Records Start Marker

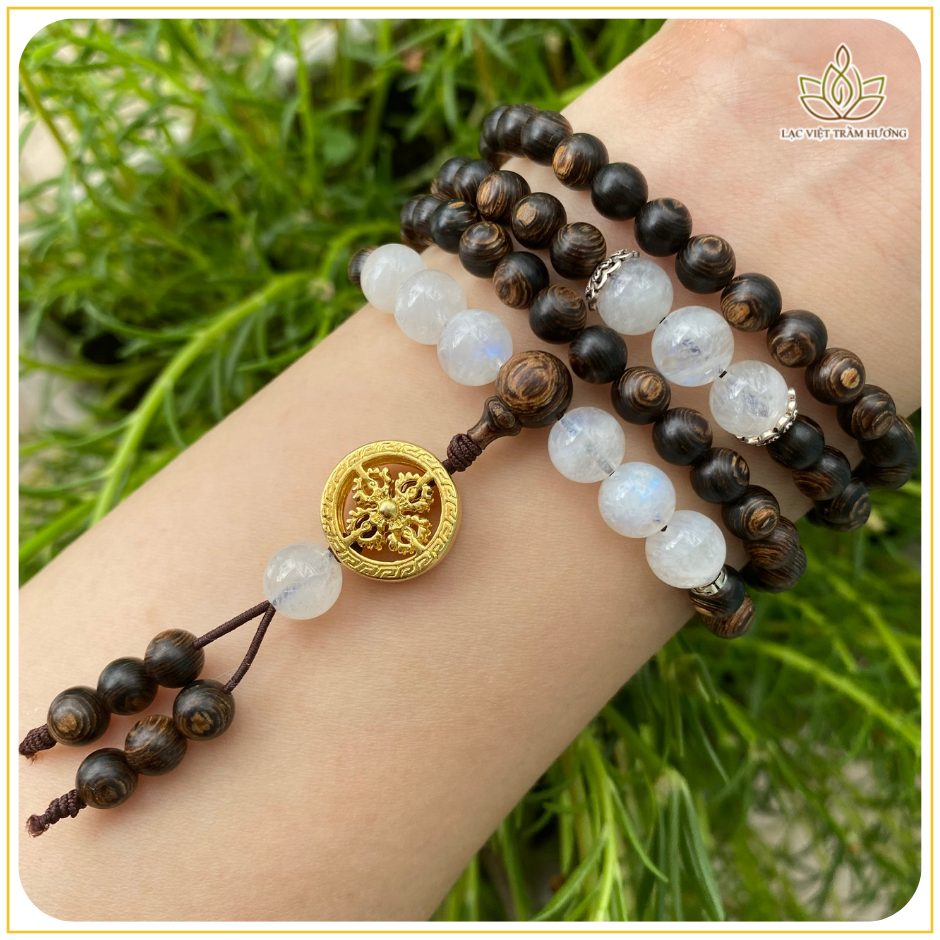 Vòng Tay Trầm Hương 108 Hạt Sánh Chìm Mix Charm Bánh Xe Pháp Luân và Đá Moonstone Phong Thủy - Lạc Việt Trầm Hương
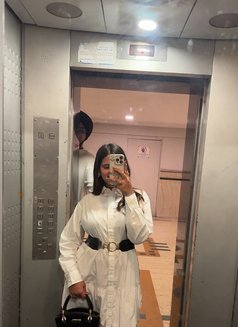 Manjeet Independent Girl in Delhi - puta in New Delhi Photo 3 of 4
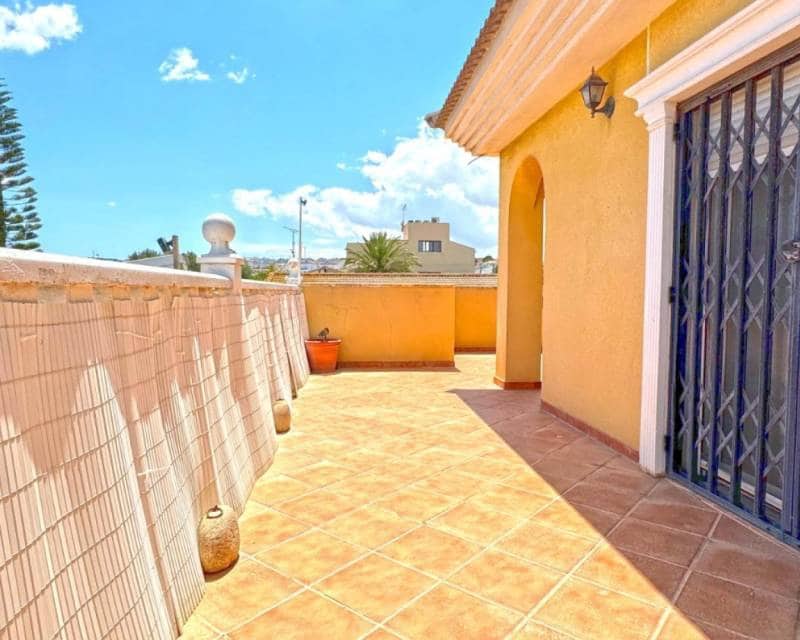 6 soveværelse Villa til salg i Los Balcones med swimmingpool - € 610.000 (Ref: 8316593)
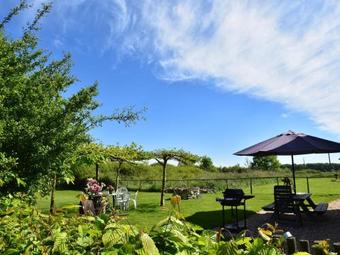 Quiet Holiday Home In Oussoy-en-gatinais With A Garden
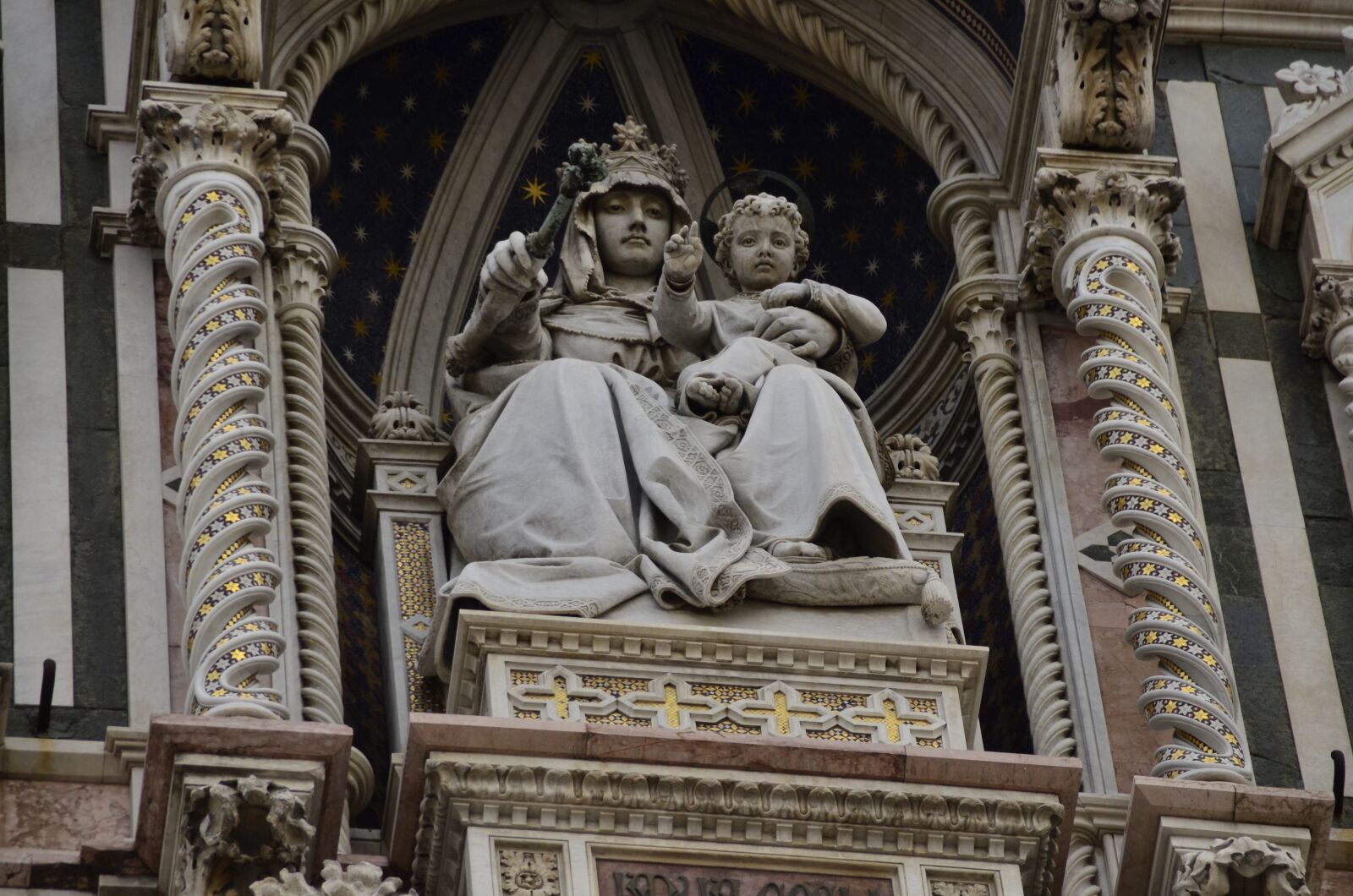 Nikon D7000 sample photo. Florence, facade, cathedral photography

Records End Marker

What needs to be done - Reproduce all of the data exactly, omitting each picture it holds.

Your solution -
 Vòng Tay Trầm Hương 108 Hạt Sánh Chìm Mix Charm Bánh Xe Pháp Luân và Đá Moonstone Phong Thủy - Lạc Việt Trầm Hương
 Manjeet Independent Girl in Delhi - puta in New Delhi Photo 3 of 4
 6 soveværelse Villa til salg i Los Balcones med swimmingpool - € 610.000 (Ref: 8316593)
 Quiet Holiday Home In Oussoy-en-gatinais With A Garden
 Nikon D7000 sample photo. Florence, facade, cathedral photography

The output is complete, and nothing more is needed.